Measure Theory – Proof of Uniqueness of Conditional Expectation

conditional-expectationmeasure-theoryprobability theory

I have a question on the proof Durrett (p. $190$) gives for the uniqueness of the conditional expectation function.

If I understand his proof correctly, here is what I think it is saying:

Suppose $Y, Y'$ both satisfy the criteria to be a conditional expectation function for a random variable $X$ given a $\sigma$-algebra $\mathcal{A}$. Then if $A_{\epsilon} := \{ \omega \mid Y – Y' \geq \epsilon \}$, clearly $A_{\epsilon} \in \mathcal{A}$, and so by the criteria we have for conditional expectation, we have:

$$0 = \int \limits_{A_{\epsilon}} Y – Y' \,dP \geq \epsilon P(A_{\epsilon}) \geq 0$$ and this shows that $P(A_{\epsilon}) = 0$ for all $\epsilon > 0$.

Ok, then we note that $0 \leq P( \{\omega \mid Y – Y' > 0 \} ) = P(\bigcup \limits_{n =1}^{\infty} A_{\frac{1}{n}}) \leq \sum \limits_{n = 1}^{\infty} P(A_{\frac{1}{n}}) = \sum \limits_{n = 1}^{\infty} 0 = 0$. Thus, $P( \{\omega \mid Y – Y' \leq 0 \} ) = 1$, so $Y \leq Y'$ almost surely.

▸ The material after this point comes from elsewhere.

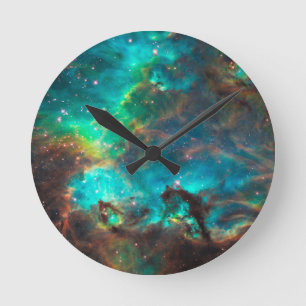 Stunning Aqua Star Cluster Round Clock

We can repeat the same proof switching $Y$ and $Y'$ to get $Y' \leq Y$ almost surely, thus they are equal almost surely.

My question:

I think the following proof is a much simpler one (using the fact that $\int \limits_{\Omega} X \,dP = 0 \implies X = 0$ almost surely). Is there any flaw in the argument below? If not, why did Durrett decide to do so many extra steps?

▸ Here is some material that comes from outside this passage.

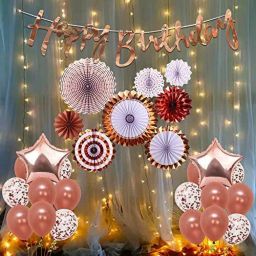 Rose Gold Birthday Decoration Kit Combo - 34Pcs With Fans, Bday Banner, Star Foil Balloon, Confetti Balloons, Led Lights Girls, Boys,Kids Wife Decoration Items-image-40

Since $\Omega \in \mathcal{A}$, we have $0 = \int \limits_{\Omega} Y – Y' \,dP$, and thus $Y – Y' = 0$ almost surely, so $Y = Y'$ a.s.

Best Answer

The problem with your argument is that $\int_{\Omega} X\,dP = 0$ does not imply that $X=0$ almost surely, unless you already know that $X \geq 0$ almost surely. Since you don't know that $Y-Y' \geq 0$ in your argument, your conclusion does not follow.